Kasus ini mendapat berbagai respon publik, terutama setelah video anak mendiang KD menangis kencang memanggil sang ayah. KD meninggalkan seorang istri dan tiga anak, dua diantaranya masih di bawah umur.
Menyadari beratnya beban psikologis yang harus ditanggung oleh keluarga, Kepolisian Resor (Polres) Buleleng mendatangi rumah duka sekitar pukul 18.50 Wita, pada Minggu (26/7/2026). Kepala Bagian Sumber Daya Manusia (Kabag SDM) Polres Buleleng, Komisaris Polisi (Kompol) Ketut Karwa, didampingi Kapolsek Banjar, Kompol Made Mustiada, dan petugas lainnya hadir mengucapkan belasungkawa.
“Kami juga hadir untuk memberikan pendampingan psikologis atau trauma healing kepada anak-anak korban yang masih belia agar mereka tetap tabah dan kuat menghadapi kenyataan pahit ini,” ujar Mustiada, Minggu (26/7/2026).

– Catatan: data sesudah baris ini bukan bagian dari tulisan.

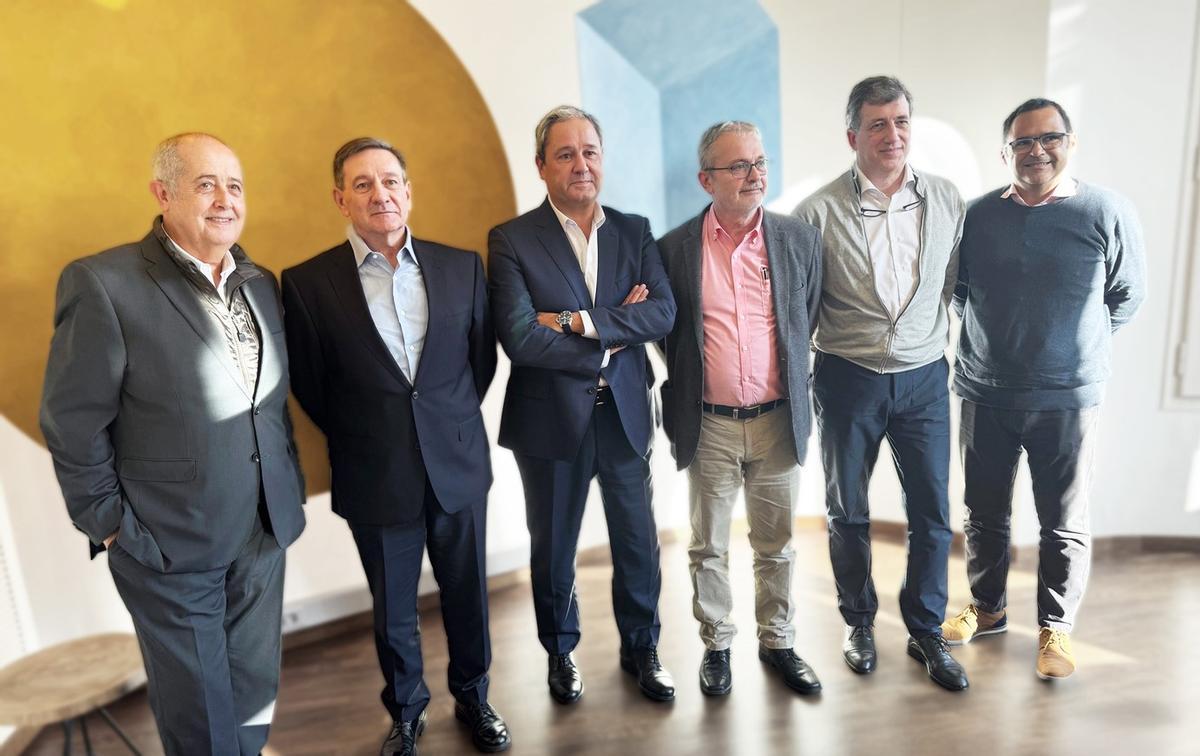 En el centro, Constantino Fernández, presidente de Altia, y Rafael Paulet, presidente de IN2.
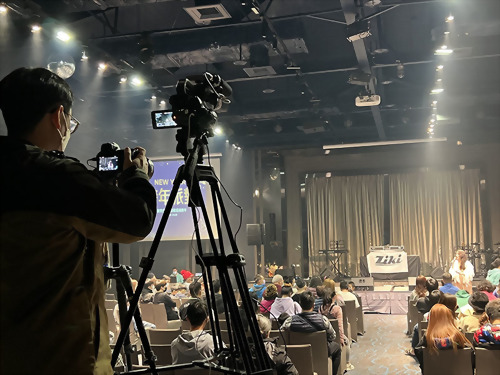 1. Determine the purpose and theme of the party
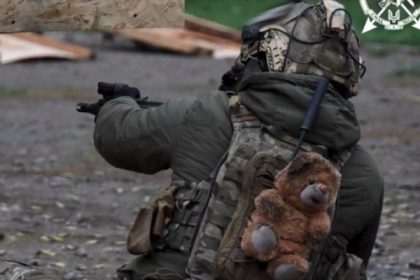 sa ne amintim de ce luptam un soldat ucrainean poarta cu el ca talisman un ursulet de plus gasit intr un loc de joaca bombardat 681af93d1f673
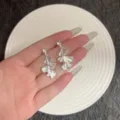 Élégantes boucles d'oreilles feuilles de ginkgo argentées avec texture plissée délicate. - Boucles d'Oreilles Clous Luxe Léger Micro-Strass Feuille de Ginkgo (E5015) / Argent Épais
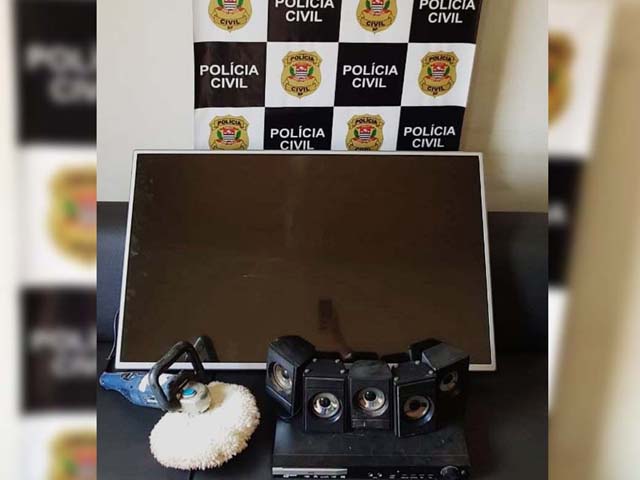 Foram recuperados e devolvidos às respectivas vítimas uma TV 42”, máquina de polimento e um home theater. Foto: DIVULGAÇÃO/PC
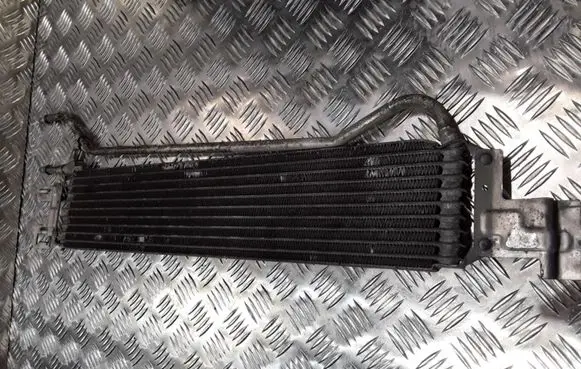 Engine oil radiator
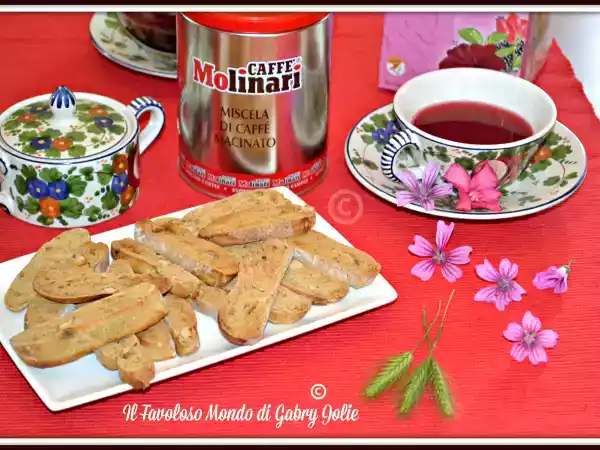 Ricetta Biscotti croccanti al caffè molinari e nocciole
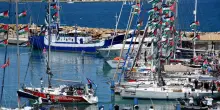 Media, sbarcati a Creta gli attivisti della Flotilla intercettati da Israele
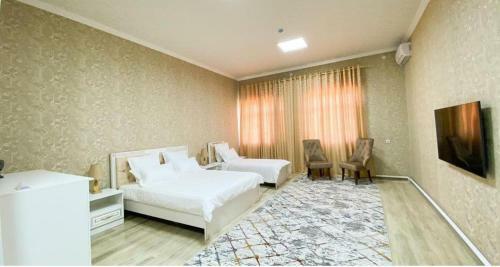 Golden Ray Hotel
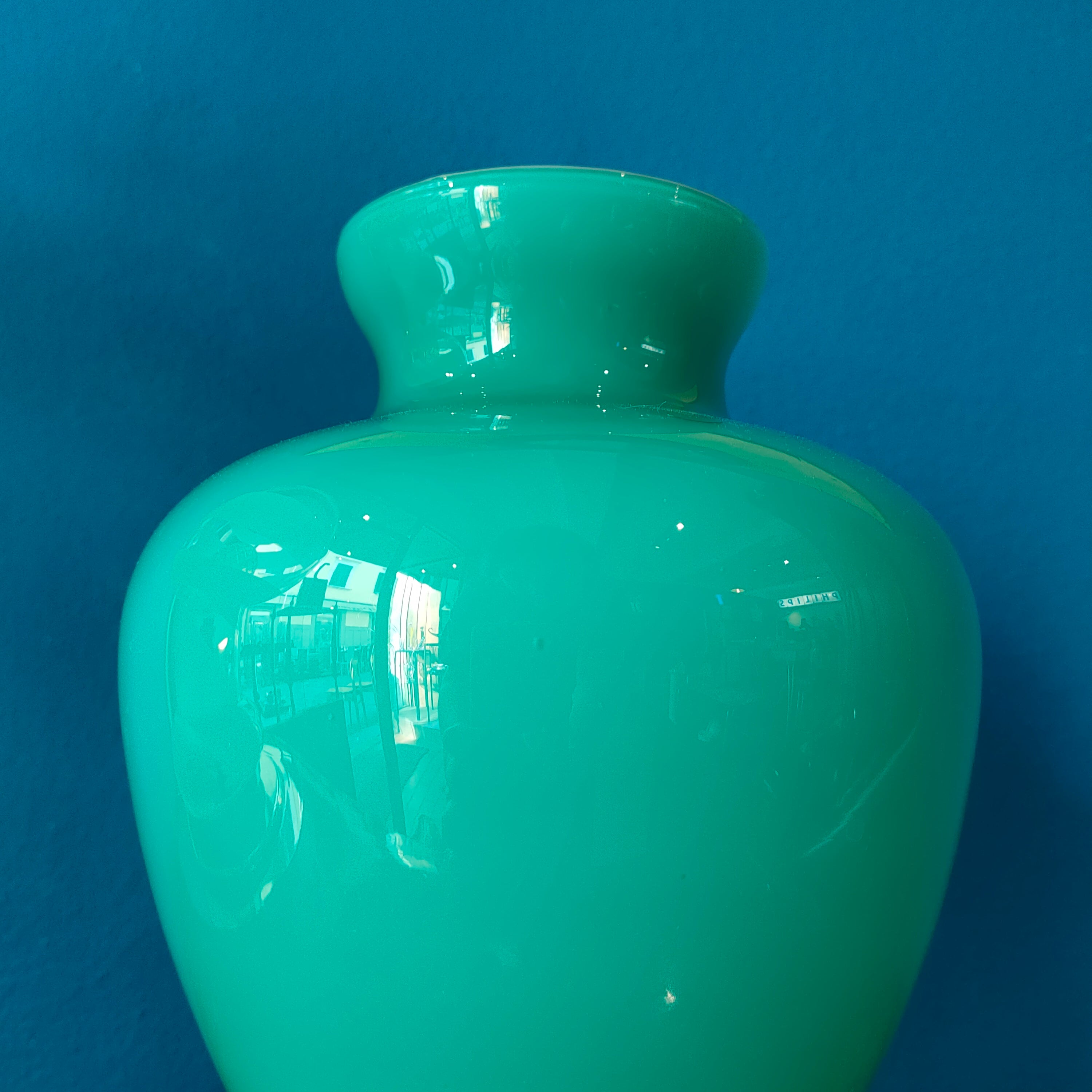 Vaso in vetro incamiciato, verde acqua. Murano, 1970s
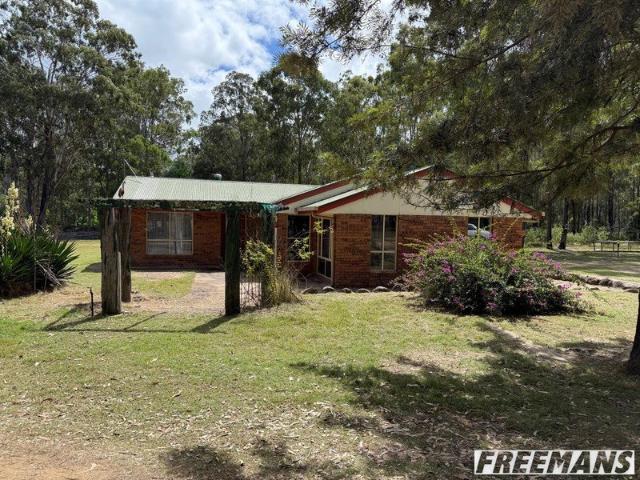 Acreage Living with Space, Privacy & Unlimited Potential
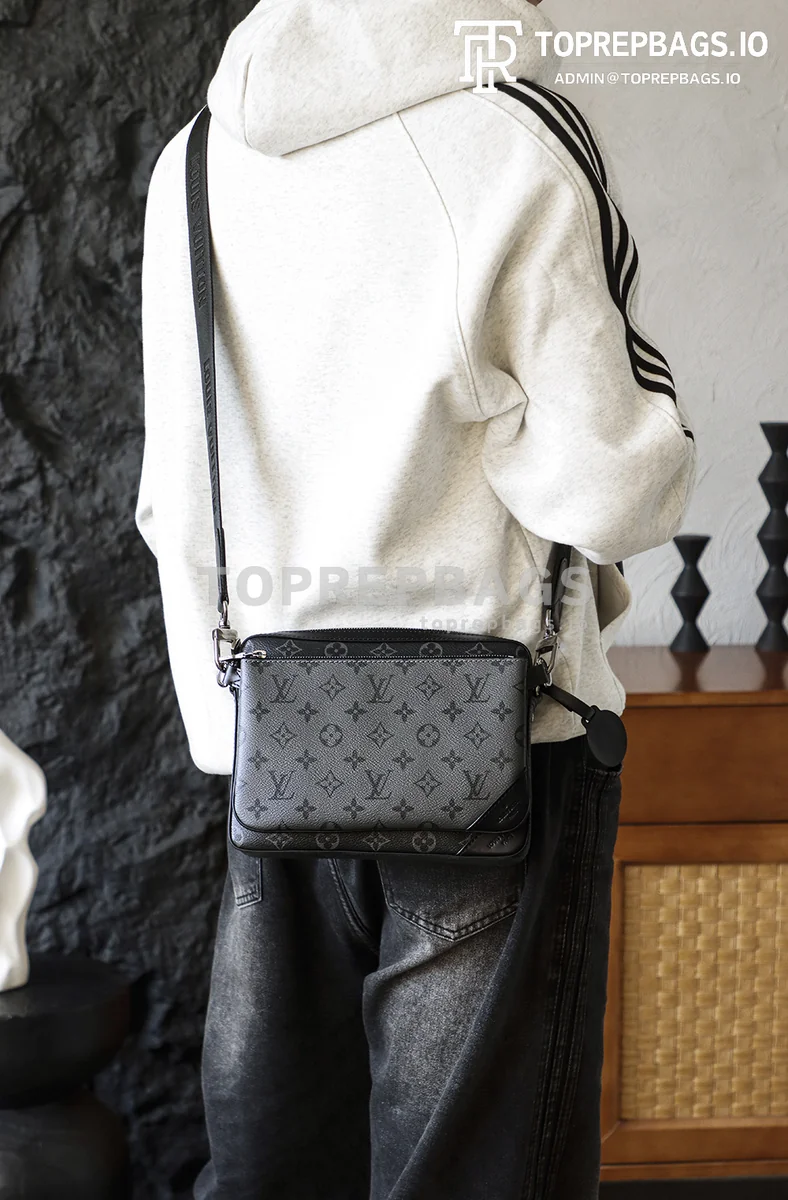 i1765522338604_4029_0_2 Louis Vuitton Trio Messenger in Grey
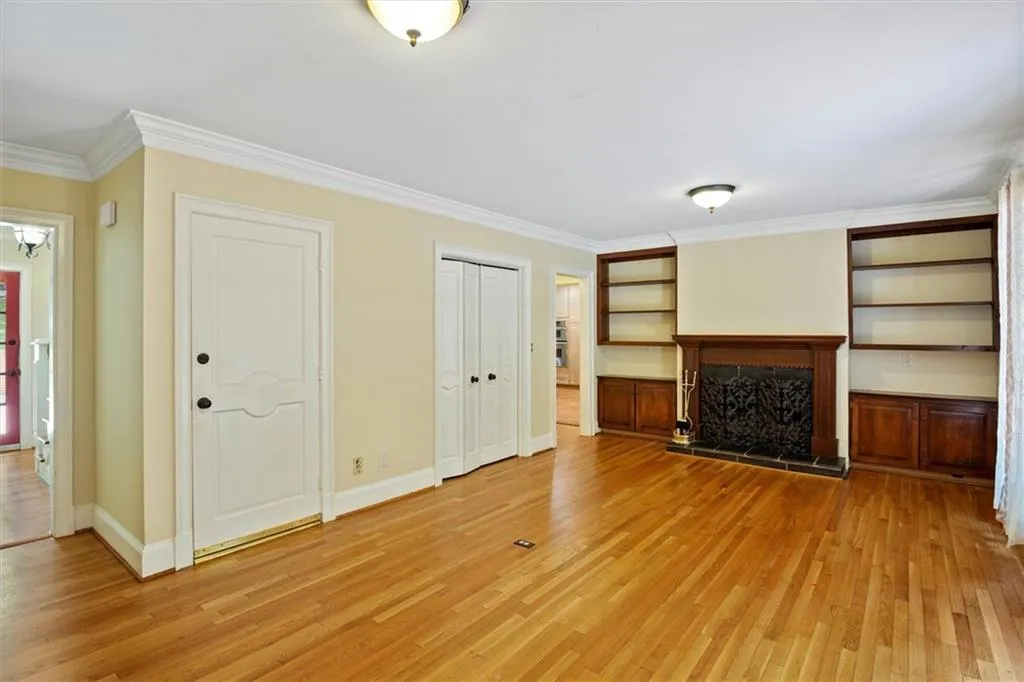 8915 River Run, Sandy Springs, Georgia 30350, 5 Bedrooms Bedrooms, ,4 BathroomsBathrooms,Residential,Sold,8915 River Run,6943445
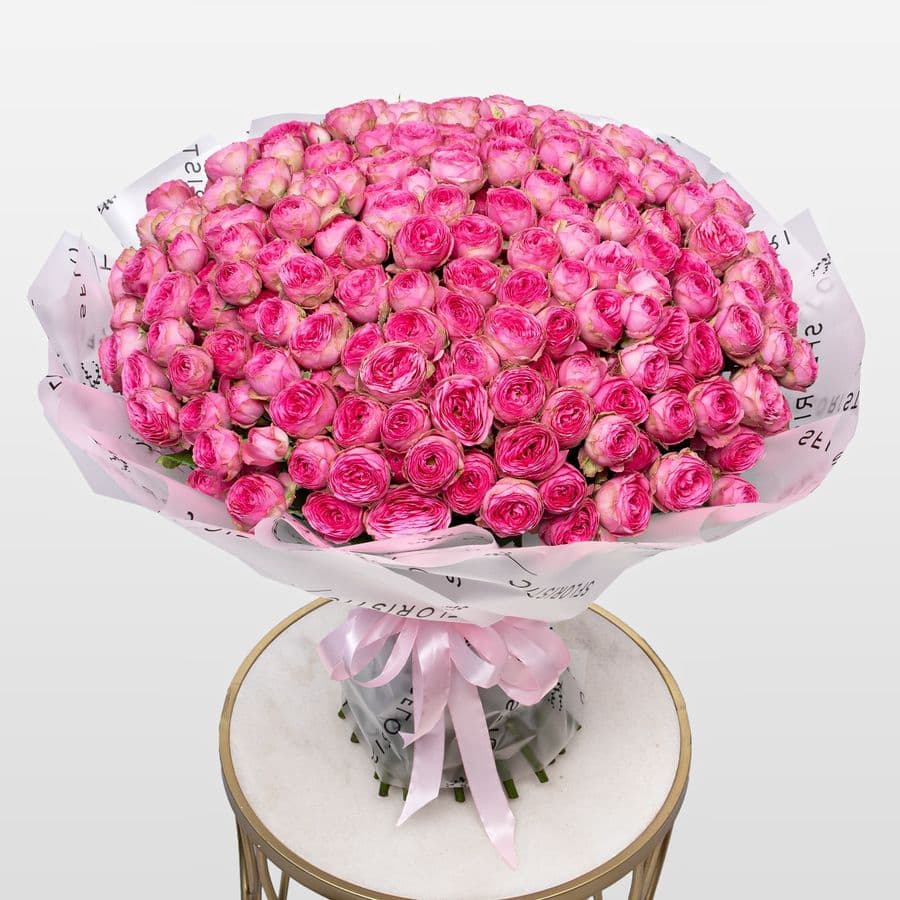 Букет из Кустовых Пионовидных Роз 51 шт «Волшебный Момент»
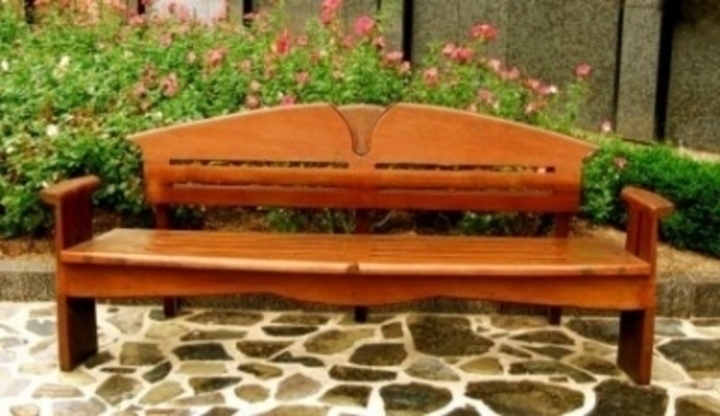 Zahradní lavička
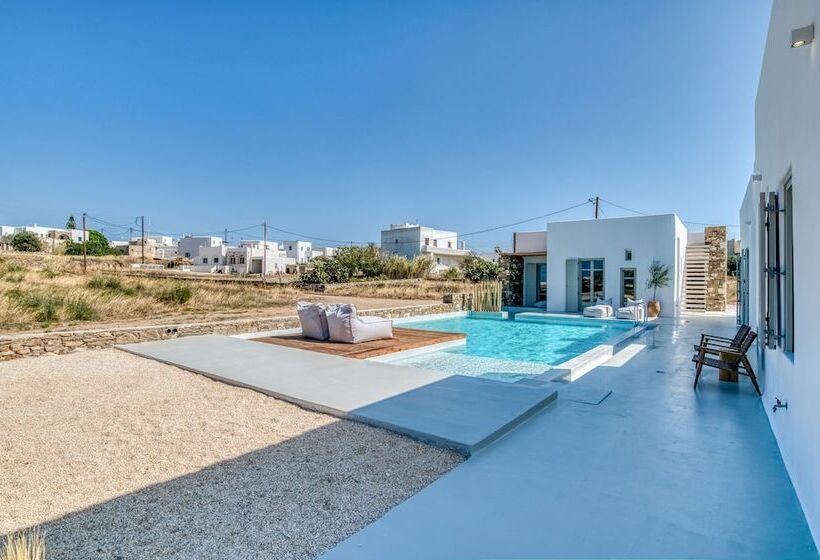 فندق Lil Paros Luxury Suites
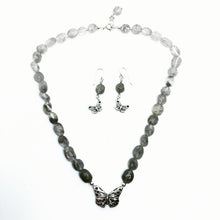 Cargar imagen en el visor de la galería, Collar mariposa metamorcambios con piedras
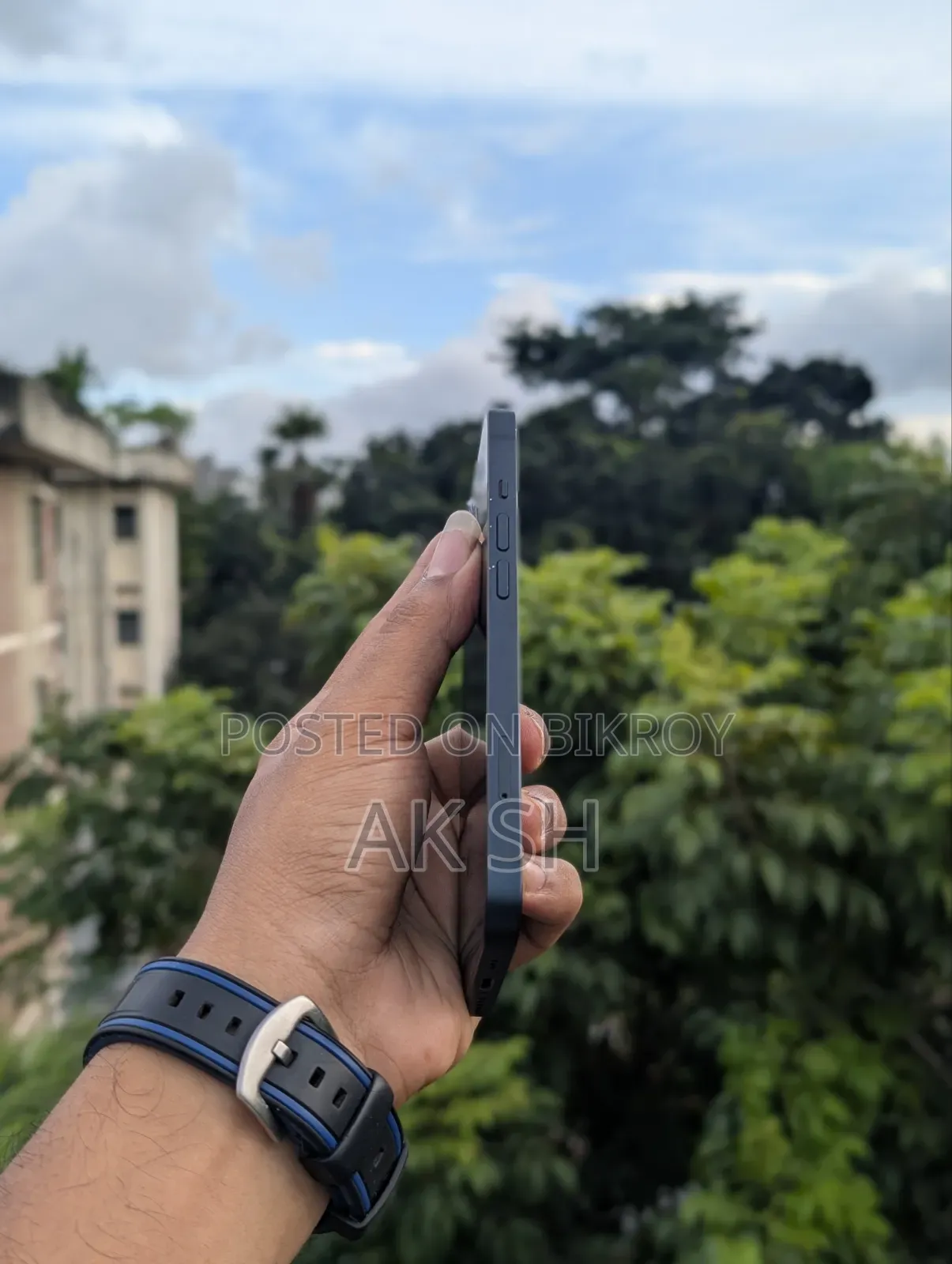 অ্যাপল আইফোন ১৩ ২৫৬ জিবি ব্লু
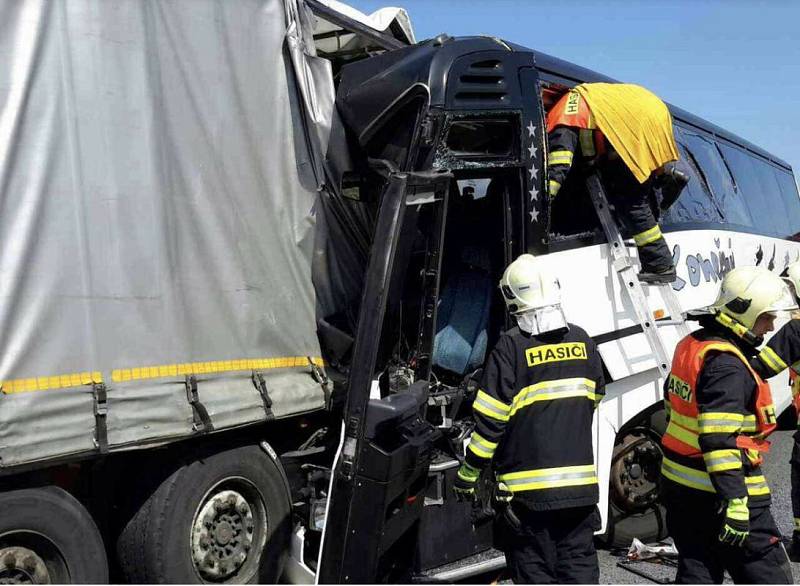 Srážka autobusu a kamionem na D35 u Litovle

Anggota Dewan Perwakilan Rakyat Daerah (DPRD) Provinsi Bali, Gede Harja Astawa; dan Kepala Desa Sidatapa, Made Sutama, juga hadir memberikan dukungan moril secara langsung kepada keluarga korban. Sebagai wujud peduli kasih terhadap keluarga korban, diserahkan pula paket sembako kepada istri mendiang.
Berkaca dari kejadian ini, Mustiada menegaskan agar seluruh warga menjunjung tinggi supremasi hukum. Termasuk tidak pernah mengambil langkah sendiri dengan melakukan aksi main hakim sendiri.
“Serahkan setiap permasalahan hukum kepada aparat penegak hukum, mari kita jaga bersama keamanan dan ketertiban di tengah masyarakat agar tidak ada lagi keluarga dan anak-anak tak berdosa yang harus menanggung derita akibat tindakan kekerasan,” tegasnya.